This notebook will be collected automatically at **6pm on Monday** from `/home/data_scientist/assignments/Week13` directory on the course JupyterHub server. If you work on this assignment on the course Jupyterhub server, just make sure that you save your work and instructors will pull your notebooks automatically after the deadline. If you work on this assignment locally, the only way to submit assignments is via Jupyterhub, and you have to place the notebook file in the correct directory with the correct file name before the deadline.

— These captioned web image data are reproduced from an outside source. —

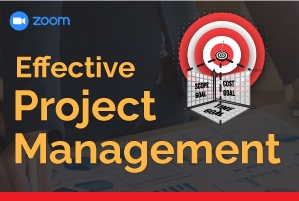Effective Project Management : Scope Planning & Implementation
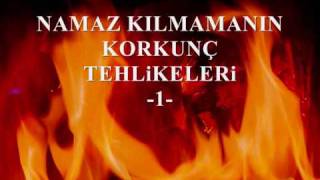 NAMAZ KILMAMANIN KORKUNÇ TEHLiKELERi 14 [upl. by Etterrag]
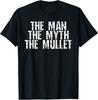 The Man The Myth The Mullet Funny Gift Tee Unisex T-Shirt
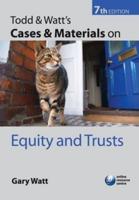 Todd and Watt's Cases and Materials on Equity and Trusts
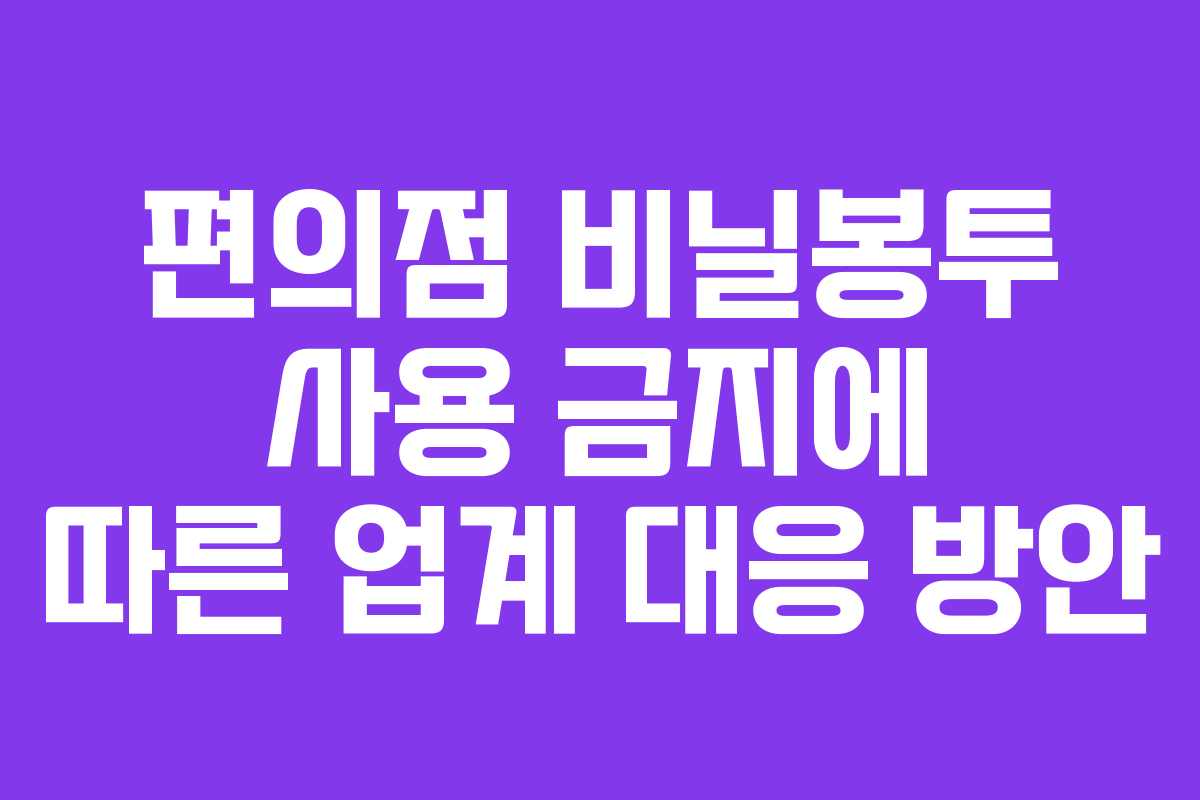 편의점 비닐봉투 사용 금지에 따른 업계 대응 방안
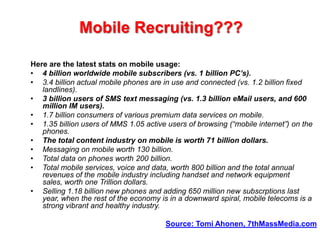 Mobile Recruiting???Here are the latest stats on mobile usage:4 billion worldwide mobile subscribers (vs. 1 billion PC’s).3.4 billion actual mobile phones are in use and connected (vs. 1.2 billion fixed landlines).3 billion users of SMS text messaging (vs. 1.3 billion eMail users, and 600 million IM users).1.7 billion consumers of various premium data services on mobile.1.35 billion users of MMS 1.05 active users of browsing (“mobile internet”) on the phones.The total content industry on mobile is worth 71 billion dollars.Messaging on mobile worth 130 billion.Total data on phones worth 200 billion.Total mobile services, voice and data, worth 800 billion and the total annual revenues of the mobile industry including handset and network equipment sales, worth one Trillion dollars.Selling 1.18 billion new phones and adding 650 million new subscrptions last year, when the rest of the economy is in a downward spiral, mobile telecoms is a strong vibrant and healthy industry.Source: TomiAhonen, 7thMassMedia.com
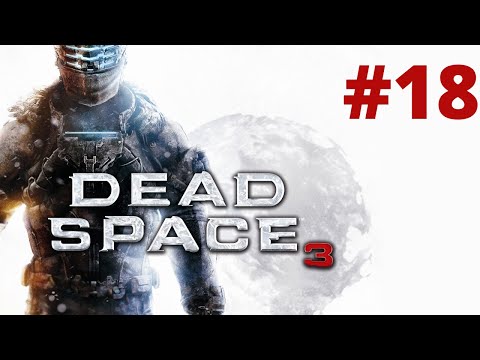 Zagrajmy w Dead Space 3 odc. 18 - Rozdział XVII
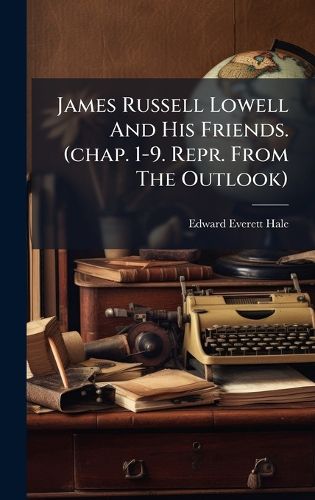 Cover image for James Russell Lowell And His Friends. (chap. 1-9. Repr. From The Outlook)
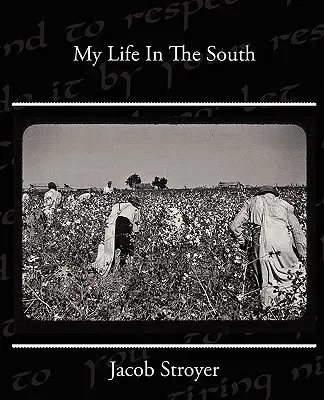 Mein Leben im Süden - My Life In The South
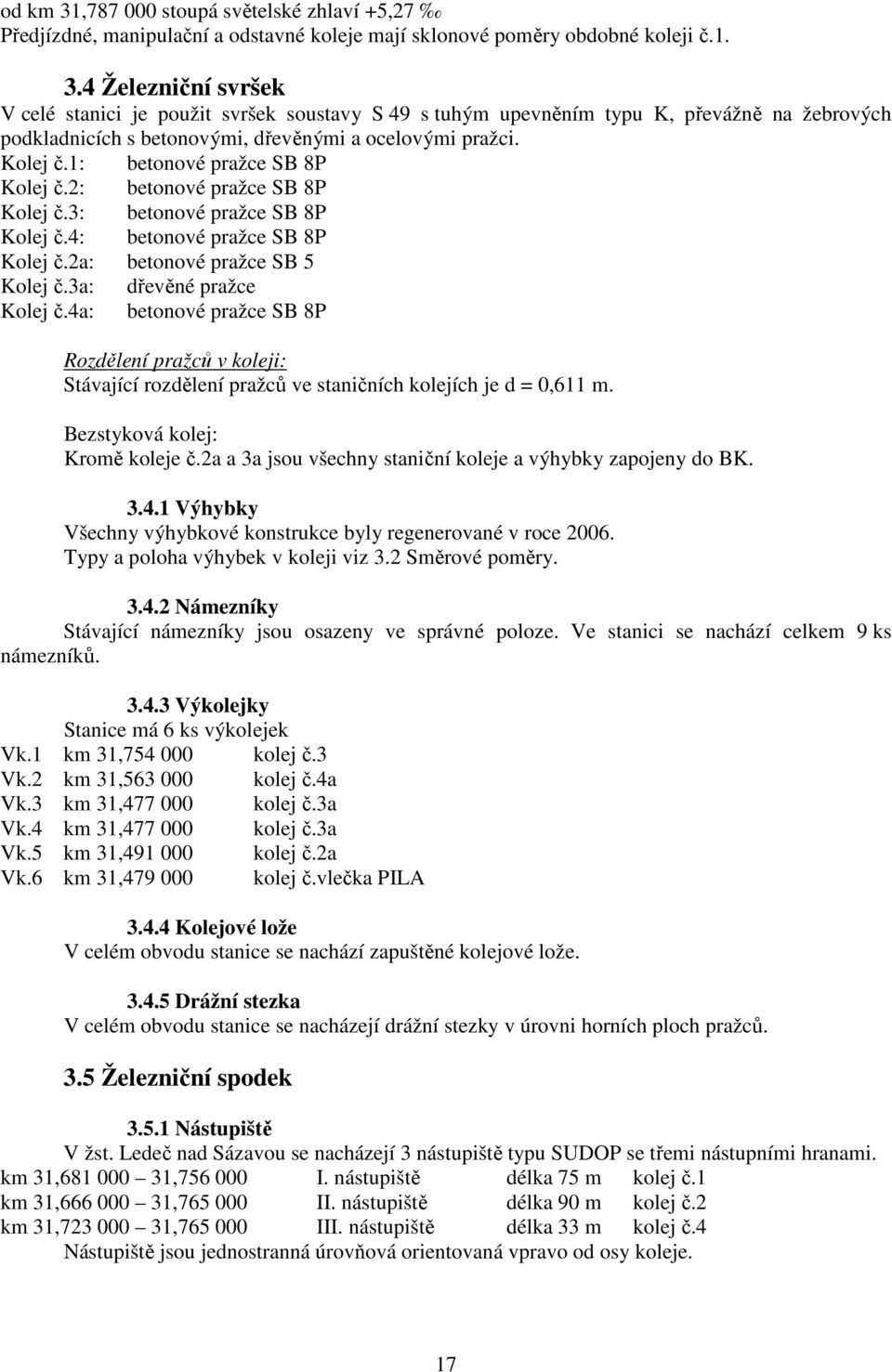 4a: betonové pražce SB 8P Rozdělení pražců v koleji: Stávající rozdělení pražců ve staničních kolejích je d = 0,611 m. Bezstyková kolej: Kromě koleje č.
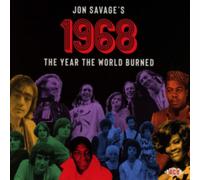 Various Artists - Jon Savage's 1968 ~ The Year The World Burned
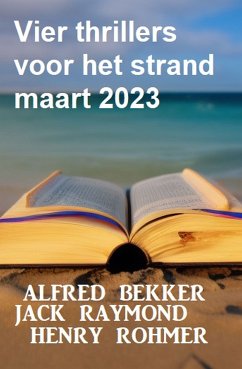 Vier thrillers voor het strand maart 2023 (eBook, ePUB) - Bekker, Alfred; Raymond, Jack; Rohmer, Henry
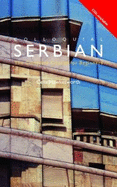Colloquial Serbian: The Complete Course for Beginners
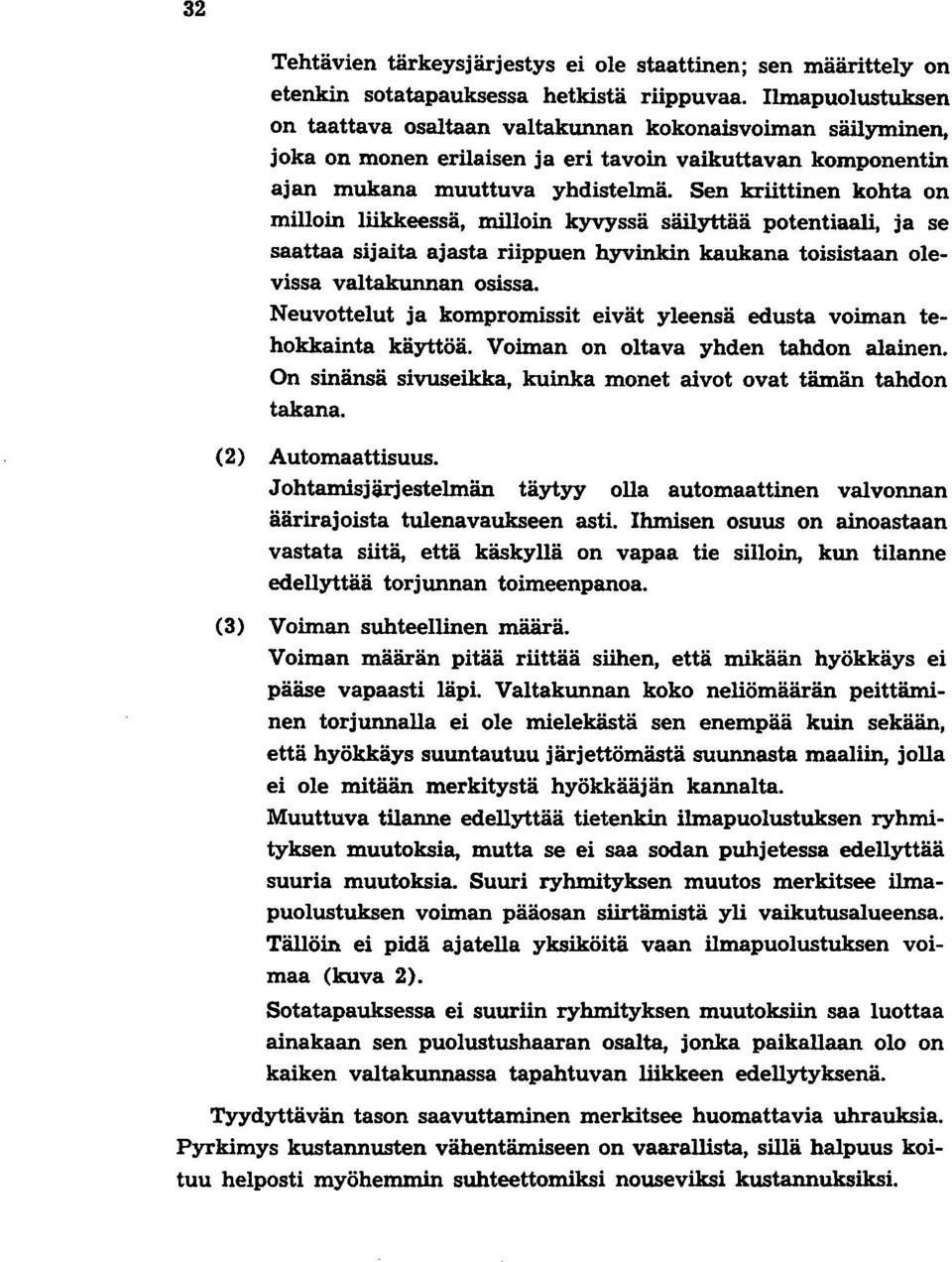 Sen kriittinen kohta on milloin liikkeessä, milloin kyvyssä säilyttää potentiaali, ja se saattaa sijaita ajasta riippuen hyvinkin kaukana toisistaan olevissa valtakunnan osissa.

1. Make sure everything runs as expected. First, restart the kernel (in the menubar, select `Kernel` → `Restart`) and then run all cells (in the menubar, select `Cell` → `Run All`).
2. Make sure you fill in any place that says `YOUR CODE HERE`. Do not write your answer in anywhere else other than where it says `YOUR CODE HERE`. Anything you write anywhere else will be removed by the autograder.
3. Do not change the file path or the file name of this notebook.
4. Make sure that you save your work (in the menubar, select `File` → `Save and CheckPoint`)

# Problem 13.2. Cassandra

In this problem, we use the Cassandra Python database driver to execute CQL (Cassandra Query Language) queries.

In [1]:
import os
import json
import cassandra
from cassandra.cluster import Cluster
from cassandra.policies import WhiteListRoundRobinPolicy
from cassandra.query import dict_factory
from cassandra.cqlengine import connection, management

from nose.tools import assert_equal, assert_true, assert_is_instance

We use the historical weather data from [Weather Underground](http://www.wunderground.com/) to create a database. For more information on this data set, see [Week 4 Problem 1](https://github.com/UI-DataScience/info490-sp16/blob/master/Week4/assignments/w4p1.ipynb).

In [2]:
fpath = '/home/data_scientist/data/weather'
fname = 'weather_kord_2001_0101.json'

with open(os.path.join(fpath, fname)) as f:
    weather_json = json.load(f)

For simplicity, we use only two attributes, `conds` and `visi`.

In [3]:
observations = weather_json['history']['observations']
observations = [{key: value for key, value in obs.items() if key in ['conds', 'visi']} for obs in observations]

print('There are {} dictionaries in the list.'.format(len(observations)))
print('The first element is {}'.format(observations[0]))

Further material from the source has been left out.